Block Pangkas 40% Tenaga Kerja, Beralih Penuh ke Teknologi AI

News 27 Feb 2026

Block Inc., perusahaan fintech di bawah kepemimpinan Jack Dorsey, mengumumkan pemutusan hubungan kerja (PHK) terhadap 40% dari total karyawannya pada Februari 2026. Keputusan drastis ini diambil sebagai bagian dari strategi perusahaan untuk beralih sepenuhnya pada integrasi alat kecerdasan buatan (AI) di seluruh operasionalnya.

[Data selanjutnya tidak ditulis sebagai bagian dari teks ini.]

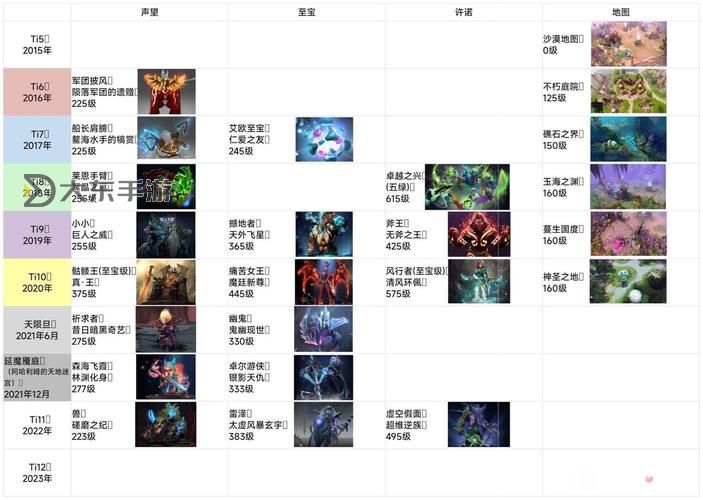 全面解析:最新dota2裝備大全一覽表指南圖1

Langkah agresif Block ini sejalan dengan pernyataan CEO Jack Dorsey, yang sebelumnya menggarisbawahi bahwa "kebanyakan perusahaan terlambat" menyadari seberapa besar teknologi akan memengaruhi struktur pekerjaan. Sebagai entitas yang sebelumnya dikenal sebagai Square, Block telah berinvestasi signifikan dalam ekosistem pembayaran dan keuangan digital, termasuk Cash App dan Spiral (TBD). Transisi penuh ke AI mengindikasikan upaya untuk mengotomatisasi proses inti, mulai dari analisis data transaksi, deteksi fraud, manajemen risiko, hingga layanan pelanggan, yang secara inheren dapat mengurangi kebutuhan akan intervensi manusia dalam skala besar. Ini merefleksikan tren industri teknologi yang semakin menekan efisiensi melalui adopsi AI generatif dan analitik prediktif.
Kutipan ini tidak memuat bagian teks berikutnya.